For all those young writers and artists out there, there may be a new way to see your dreams come true.
Developed locally by Eleet technologies, which is based in Oviedo, a new website has emerged on the scene that allows children, and interested adults, to let their fingers do the walking all the way to a published book.
Whether it be a young storyteller who has great tales to tell or a young illustrator who has art to show, Scribblitt.com is an outlet that puts dreams into hard copy.
The website, designed at a kid-friendly level, allows users to go in and write a story online and pick accompany ink illustrations provided. For those with artistic talents, the option to scan and upload drawings is also available.
However, for those interested in just writing, users can custom design characters already drafted on the site.

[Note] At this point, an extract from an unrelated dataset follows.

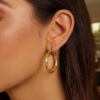 14K Two-Tone Gold Textured Hoop Earrings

"We knew most websites like this are very cumbersome to use, so we took a step back from that and thought, 'What do you really need to do to create a book?' Well you have to have an account, and if you can just click and give your book a title, that's how you start," said Josh Strzalko, founder of the site creator Eleet Technologies. "Once you put a title in, you can just start writing page after page after page. When you create an illustration, you just click there and illustrate it or upload it directly into [a] book."
After the book is complete, there is an option to purchase a hard-copy, published version of the book for $24.99. Stories can be up to 20 pages long and come published in an 8-inch by 8-inch square book. The website is free for users, but an account must be created to begin so that work can be saved.
"I think it provides a great sense of accomplishment to kids to actually produce a professionally bound copy of something they've created, and having that sense of accomplishment is what it's all about," said Andrea Bergstein, founder of the site. "Putting their creative minds to work and that payoff of having something they can hold or give as a gift to keep forever is a great feeling."
Bergstein came up with the idea for the site after seeing her two daughters look for an outlet to show off their talents. With one daughter who loves to write and one daughter who loves to draw, Bergstein wanted to create a way for them to get their work published without the hassle of selling their ideas to a publishing company.
With money out of her own pocket, Bergstein set out to create the site with the help of Eleet Technologies. With much hard work, she said the site launched in May with a surge of interest. The site has garnered more than 40,000 hits since its debut and has accumulated 2,000 registered users.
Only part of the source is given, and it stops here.